3.         De beoordeling

Het verzoek van klager het beroep mondeling te mogen toelichten wordt afgewezen. De beroepscommissie acht zich voldoende ingelicht om op de klacht te beslissen.

De stelling van klager dat hij ten onrechte is bestraft, heeft de beklagcommissie onbesproken gelaten. Voor zover het beroep daarop ziet, zal het gegrond worden verklaard. De beroepscommissie zal die klacht daarom in hoogste instantie alsnog ten gronde beoordelen.

Vaststaat dat op 27 november 2016 bij een celinspectie in een televisie op de cel van klager een mobiele telefoon is aangetroffen. Onweersproken is dat klager al een maand of negen op de bewuste cel verbleef. Bij eerdere celinspecties is in de bewuste televisie geen mobiele telefoon aangetroffen. Klager is op 27 november 2016 een disciplinaire straf opgelegd van zeven dagen opsluiting in eigen cel of verblijfsruimte zonder televisie.

Het is aannemelijk geworden dat klager verantwoordelijk is voor de verstopte mobiele telefoon. Bij die stand van zaken heeft de directeur in redelijkheid kunnen beslissen klager te straffen zoals hij heeft gedaan. Het beklag zal in zoverre ongegrond worden verklaard.
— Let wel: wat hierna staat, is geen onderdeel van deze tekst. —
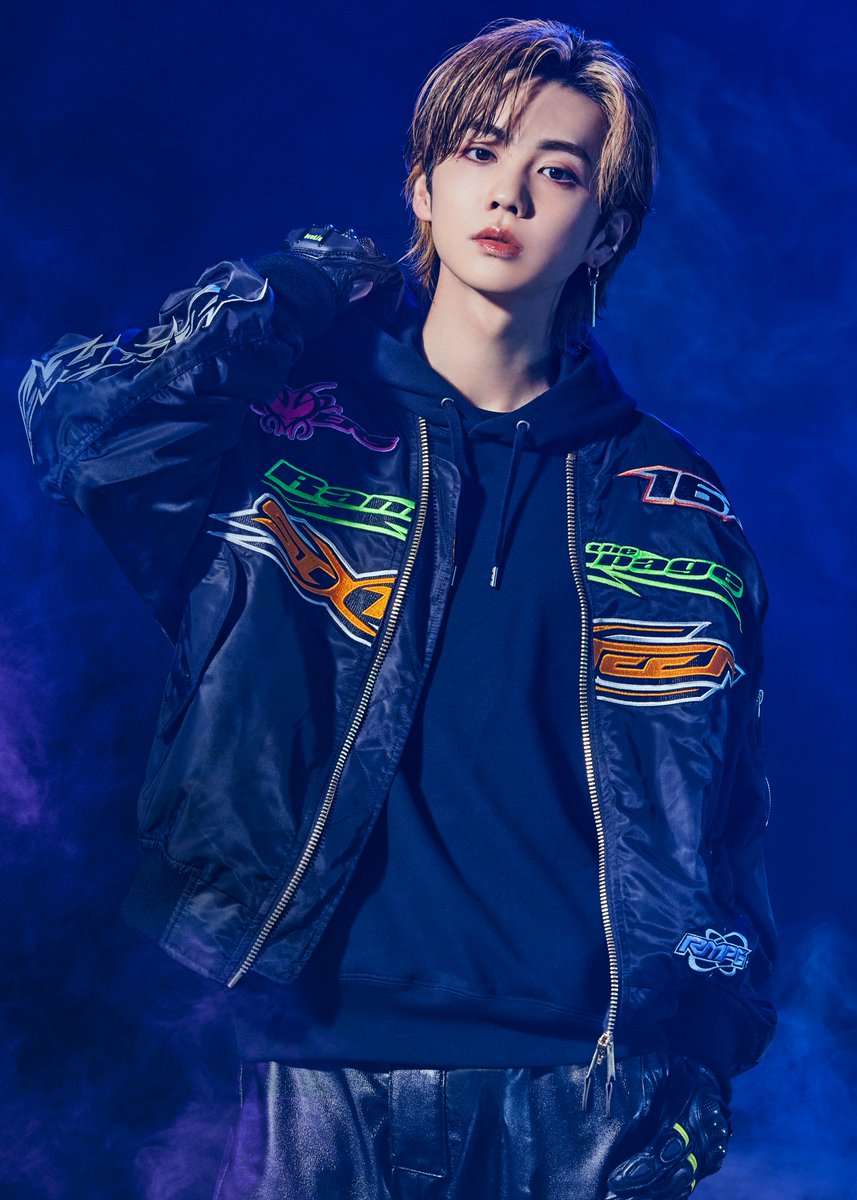 16BOOSTERZ】 #THERAMPAGE 𝐋𝐈𝐕𝐄 𝐓𝐎𝐔𝐑 𝟐𝟎𝟐𝟑 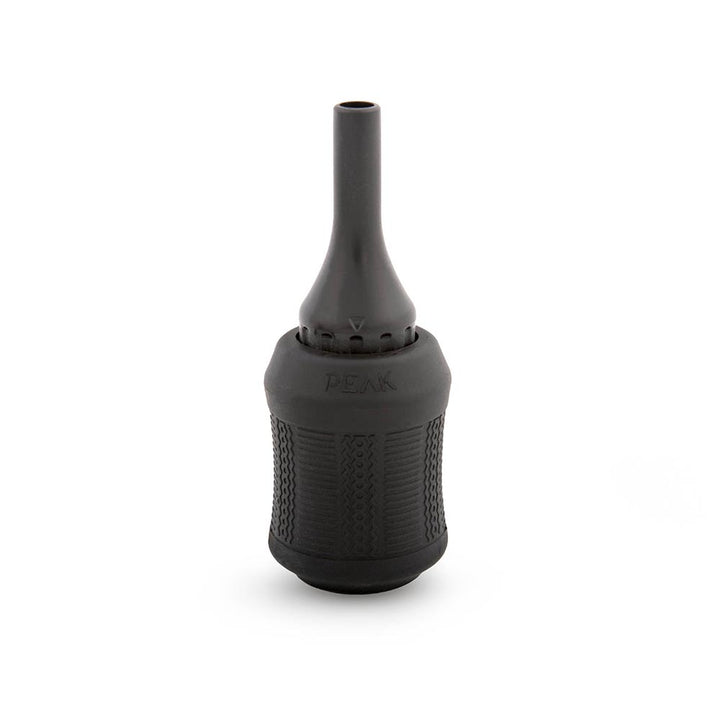 Tek Disposable Click Cartridge Grip — Clicking Mechanism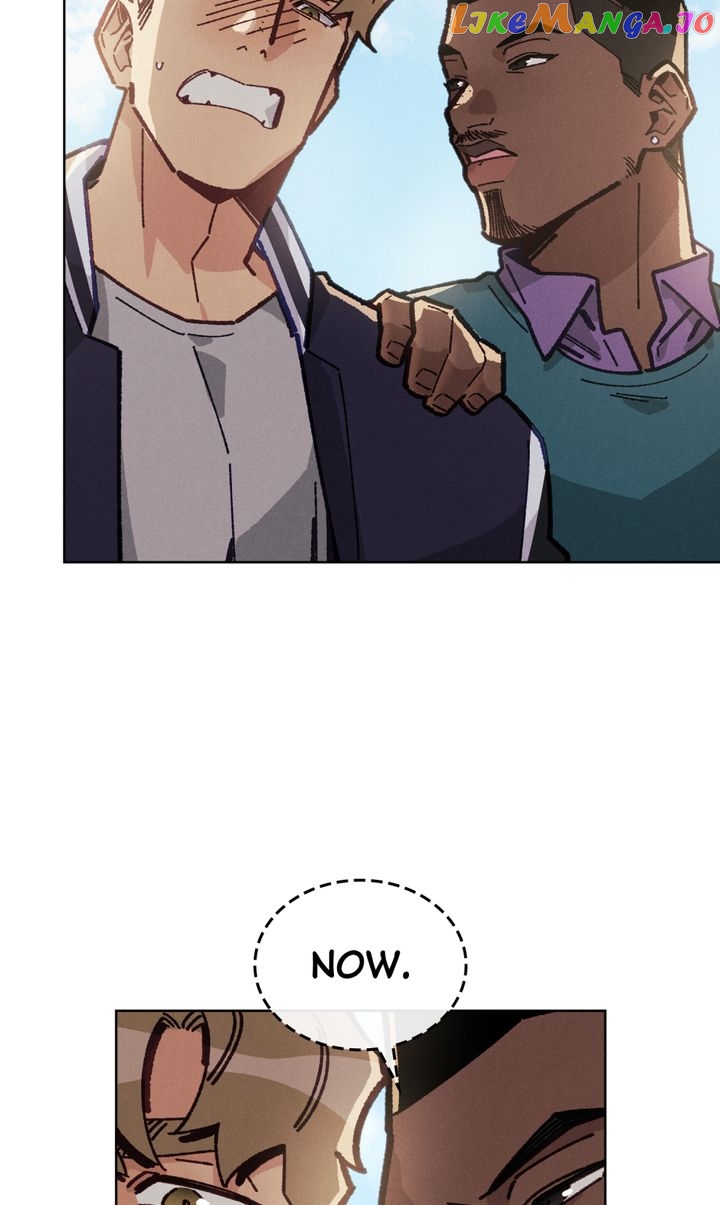 The Bromance Book Club Chapter 11 - page 8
Voor het overige kan hetgeen in beroep is aangevoerd niet tot een andere beslissing leiden dan die van de beklagcommissie.

4.         De uitspraak

De beroepscommissie verklaart het beroep gegrond voor zover het ziet op het niet beslissen door de beklagcommissie op de klacht over het opleggen van de disciplinaire straf, maar verklaart het beklag alsnog ongegrond. De beroepscommissie verklaart het beroep voor het overige ongegrond en bevestigt de uitspraak van de beklagcommissie.

Aldus gegeven door de beroepscommissie voornoemd, bestaande uit mr. M.M. van der Nat, voorzitter, J. Schagen MA en mr. J. de Lange, leden, in tegenwoordigheid van P. de Vries, secretaris, op 22 oktober 2018.